Читаем Своя земля полностью

Владимир Кузьмич тоже догадывается, о чем будет говорить Гуляева. Она, конечно, скажет, что председатель и агроном могли бы найти, в каком поле посеять эти тридцать гектаров, не такое уж неразрешимое дело, но не сделали этого, потому что Ламаш зазнался, он, видите ли, уверен, что лучше понимает интересы колхоза, а его помощники заодно с ним; да это и понятно: меньше работы — меньше заботы. Владимиру Кузьмичу немного жаль Гуляеву, — она Тимирязевка, агроном с большим стажем, много лет работала в совхозах, он преклоняется перед ее знаниями и авторитетом, но она связана своим положением. По собственному опыту она знает, как трудно взять да и сразу переиначить все, что было рассчитано, проверено, слажено, но ей сейчас, как председателю райисполкома, придется говорить не то, что она знает и думает как агроном.

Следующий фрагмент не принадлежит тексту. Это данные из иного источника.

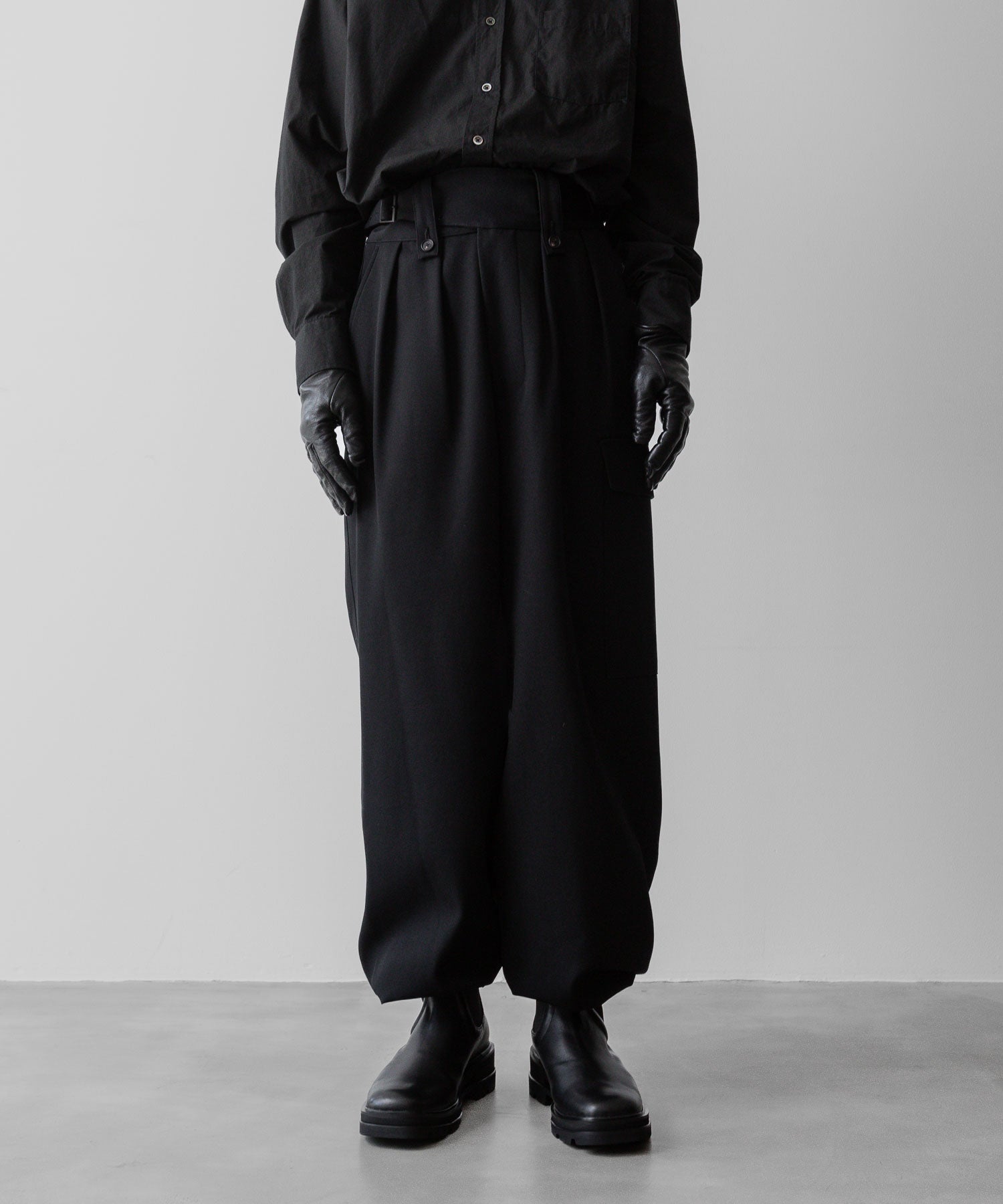 SUBLATIONS サブレーションズのHEAVY WOOL GABARDINE GURKHA CARGO PANTS - BLACKの公式通販サイトsession福岡セレクトショップ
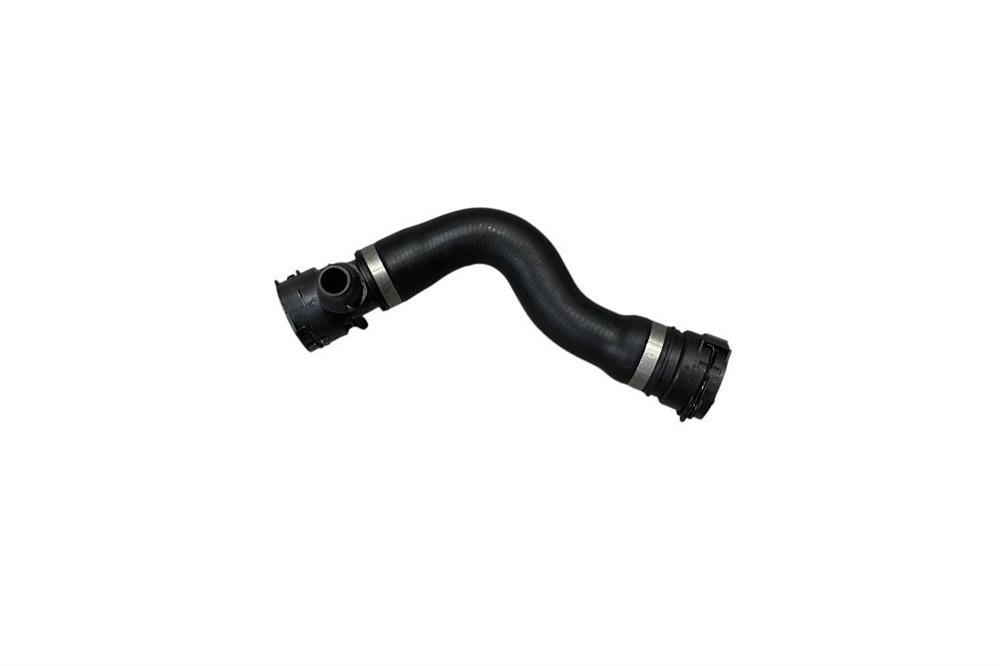 RADYATÖR ÜST HORTUMU BMW E82 E84 E88 E89 E90 E91 17127540127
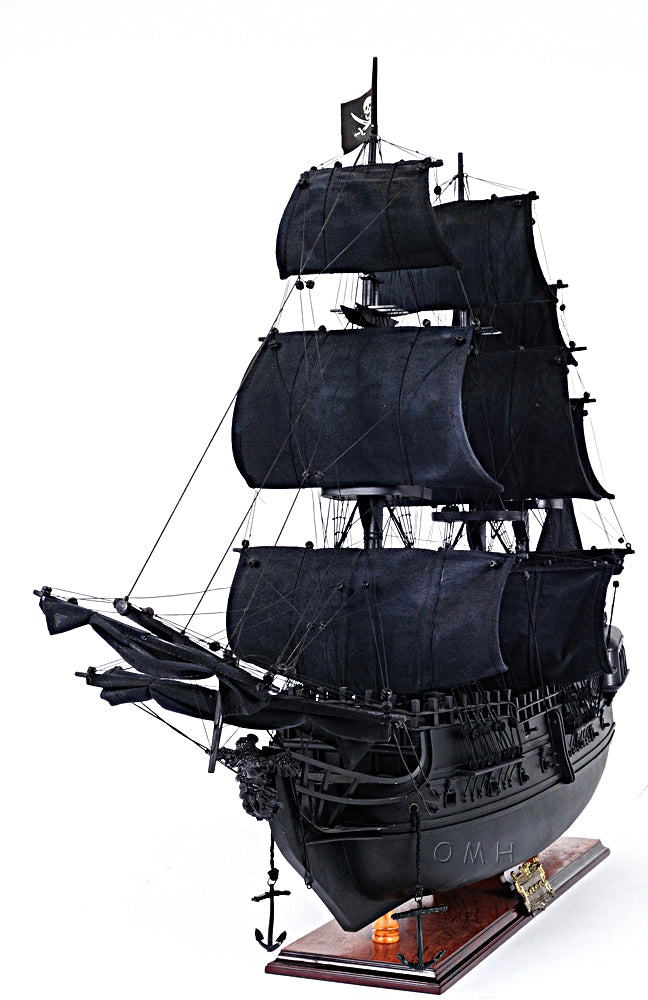 Black Pearl Pirate Ship Midsize With Display Case Front Open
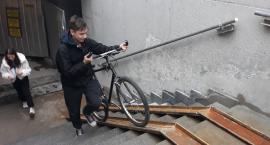 Rowerzyści krytycznie o przejściu podziemnym przy stacji Łowicz Główny. „Prowizorka”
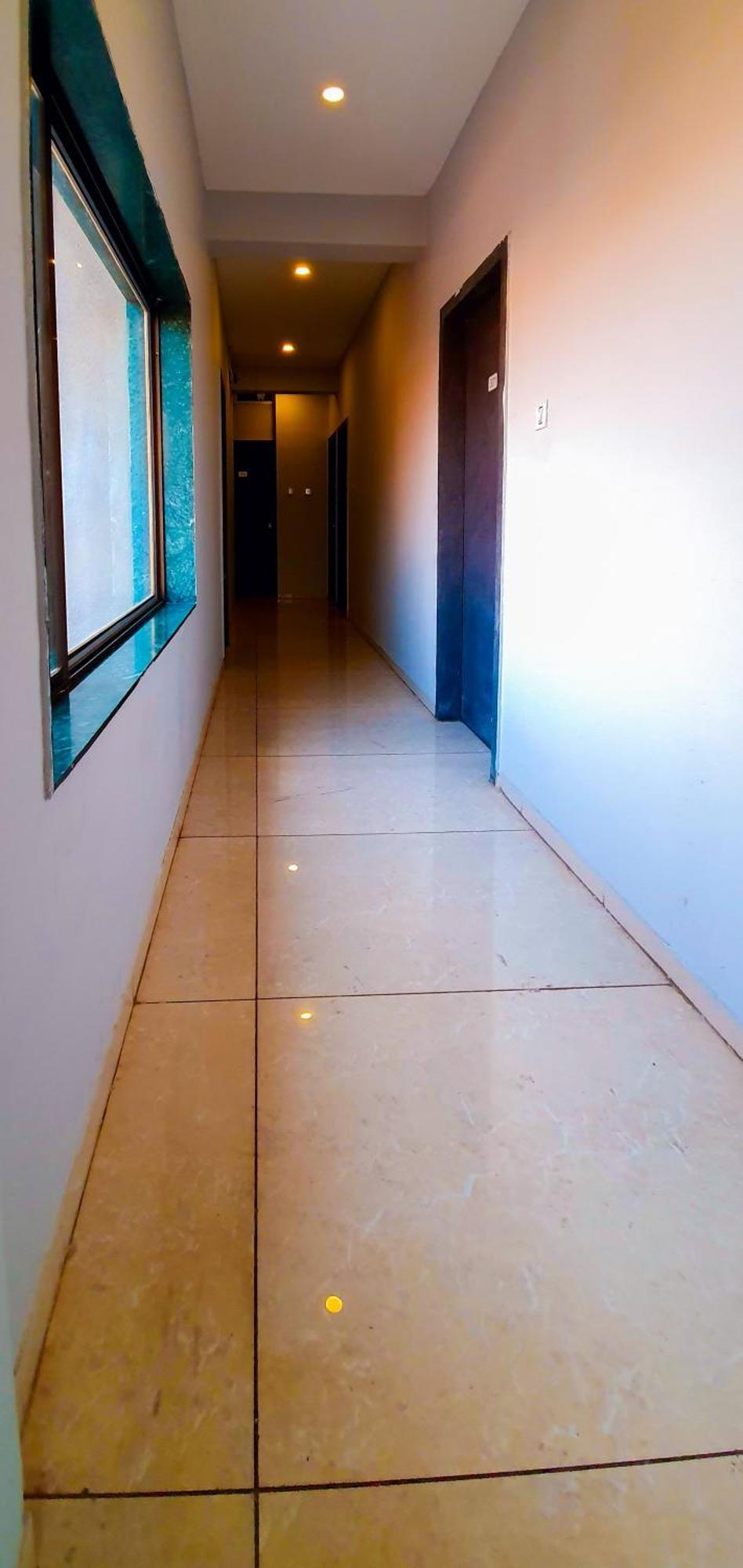 Nova Hotel New Crossroad ราชโกฎิ ภายนอก รูปภาพ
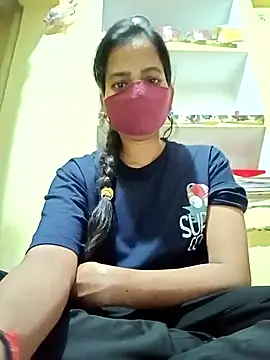 Snapshot of Pooja_cut chatting on October 2025 04:08:01 PM Pooja cut online show from October 2025 04:08:01 PM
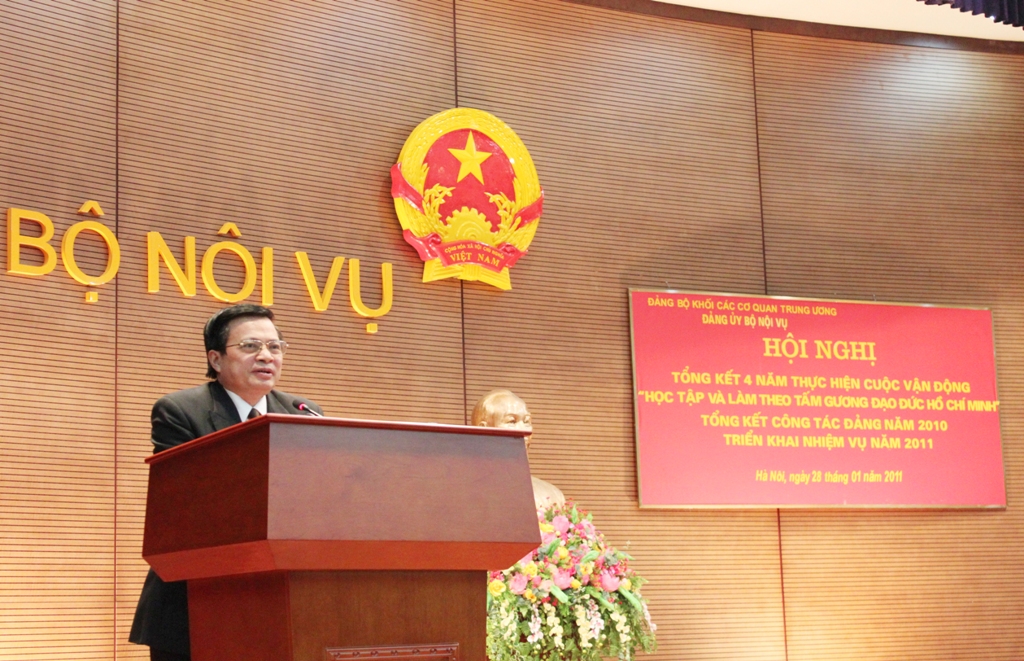 Đảng ủy Bộ Nội vụ tổ chức Hội nghị tổng kết 4 năm thực hiện Cuộc vận động “Học tập và làm theo tấm gương đạo đức Hồ Chí Minh”; tổng kết công tác Đảng năm 2010, triển khai nhiệm vụ năm 2011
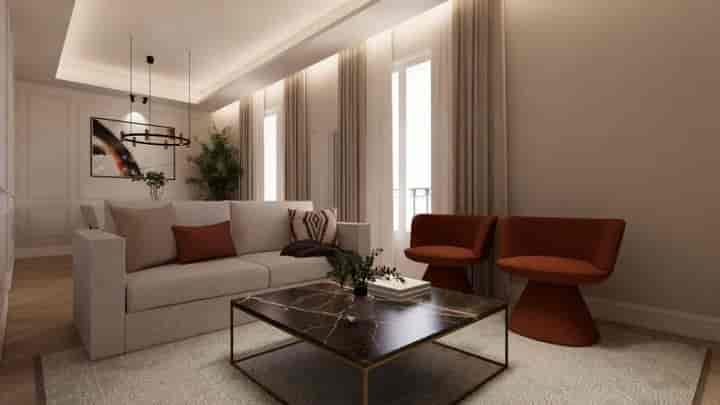 Stylish 2-Bedroom Apartment in Retiro, Madrid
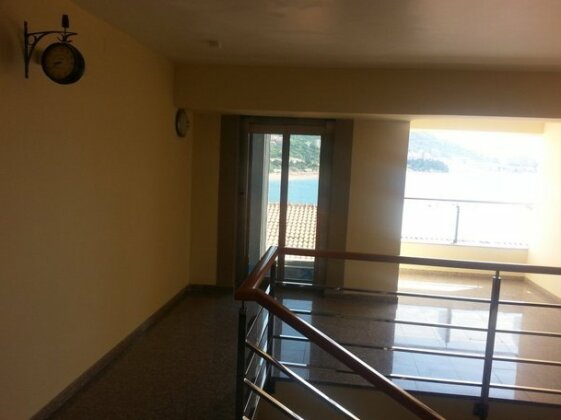 Apartments Aura Milocer - Photo2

Однако он услышал не то, чего ожидал.

— Меня не удивляет, что товарищ Ламаш не выполнил наше указание, это уже не в первый раз, — сказала Гуляева, приподнимаясь и шумно отодвигая ногами стул. — Он ведет себя слишком самостоятельно, я сказала бы, заносчиво, как будто колхоз отдан ему на откуп. Я вспоминаю, как он спорил, как сопротивлялся, когда увеличили план сева, и хотя согласился, но только для виду, как я теперь понимаю… Это вам так не пройдет. — Она впервые взглянула на Ламаша и пристукнула костяшками пальцев по столу. — Мы не позволим сидеть хозяйчиком на колхозной земле, учтите на будущее…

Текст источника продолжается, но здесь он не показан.